I turned to look at him.
He met my gaze steadily. "Because I did."
"That's not possible."
I stared at him. He didn't look away. He didn't shift. He just stood there with that same certainty he carried everywhere, like the ground underneath him was never going to move.
It made me want to ask more. It also made me want to leave before I did.
I chose the second option.
I walked out, got my phone from the attendant at the front, and stepped back into the night air. The city noise hit me immediately. Cars, voices, distant music. Normal things.
I stood on the pavement for a moment and exhaled slowly.

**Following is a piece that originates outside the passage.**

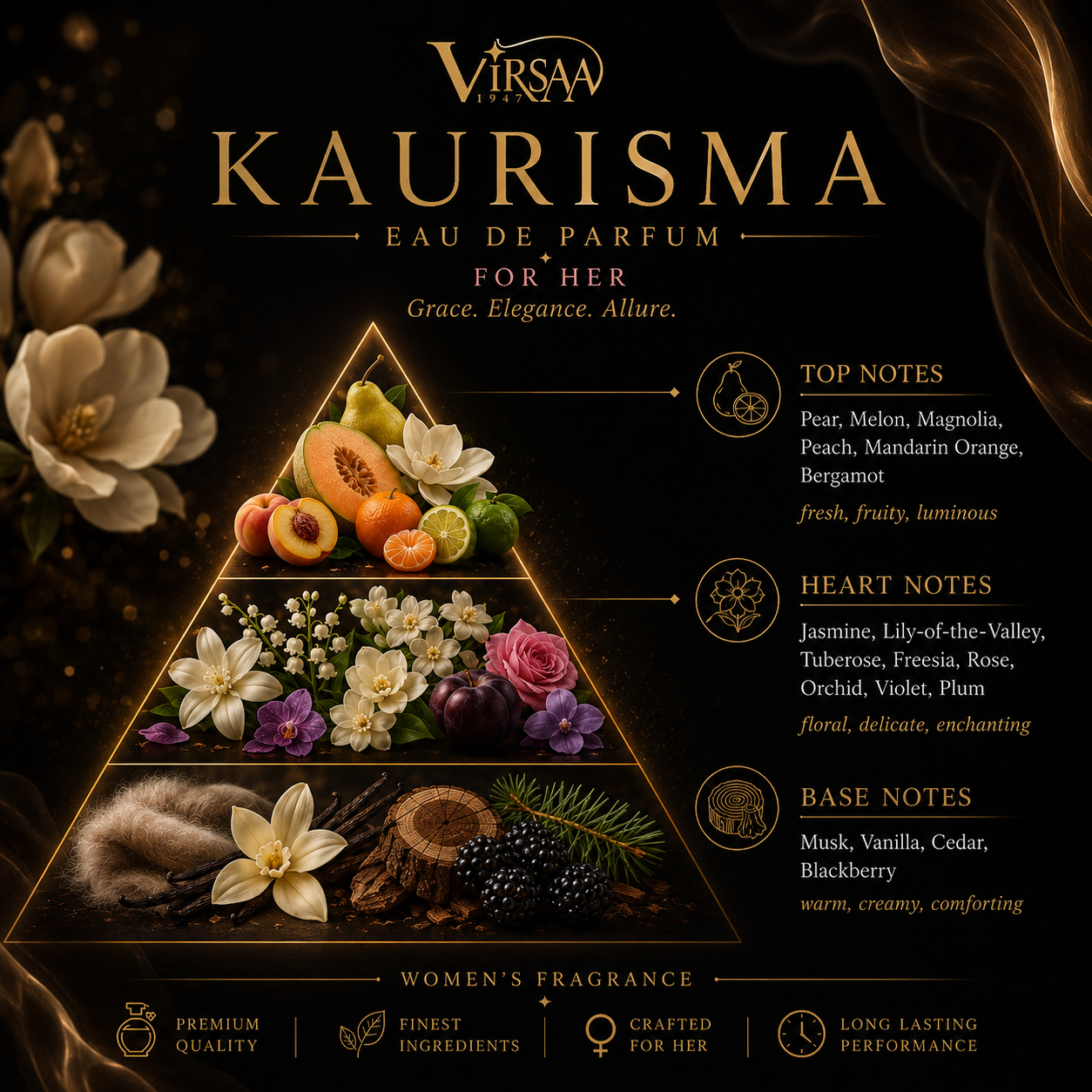 Floral Collection For Her | Luxury Floral Perfume Set | Virsaa 1947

My phone had three messages from Jamie.
You okay?
Text me.
Levi I swear if you don't reply in ten minutes I'm calling the police.
I almost smiled at the last one.
I'm fine, I typed back. On my way home.
His reply came immediately. Thank God. What happened?
Tell you when I get there.
I put my phone in my pocket and started walking.
The job was strange. That wasn't new information. What was strange was that I was still considering it.
I tried to break it down the way I always did when something felt too complicated. What did I actually know?
He had money. That was obvious. He ran some kind of private club. Also obvious. Or maybe he could be a co owner
He knew who I was before we ever spoke. That part I couldn't explain.
And the way he looked at me, it didn't feel like how people usually looked at someone they wanted to use. It felt like something else. Something that sat under the surface of everything he said. Something I wasn't equipped to name yet.
You will present yourself as mine. I pushed the thought away.
When I got back to the apartment, Jamie was sitting on the couch with his arms crossed,
"Sit down," he said.
"I just got in."
"And I've been waiting for two hours. Sit."
I dropped onto the couch across from him.
"Talk," he said.
I leaned back and looked at the ceiling. "It's a job."
"A job," he repeated.
"Yeah."
"Involving what?"
"Accompanying someone to events. Professionally."
Jamie was quiet.. He was probably wondering whether to believe me or not.
"Who?"
I looked at him. "A guy from school."
His expression didn't change right away.
"Levi, people don't pay the kind of money this man is apparently offering just for someone to stand next to them at parties."
"I know."
"Then why are you still considering it?"
I didn't answer immediately.
Because the truth was I didn't fully know. It wasn't just the money, although that was part of it. It was something about the way he spoke to me.
"I have until Monday to decide if I want to do it ," I said.
Jamie stared at me for a long moment. "Whatever you decide, just be honest with yourself about why you're deciding it."
I didn't have a response for that.
So I didn't give one.
I went to bed that night and stared at the ceiling again for what felt like hours. The paper was still in my pocket. I hadn't taken it out.
"Nothing happens that you don't agree to." I didn't know if I believed that yet.But I kept thinking about it anyway. When I fully know I shouldn't.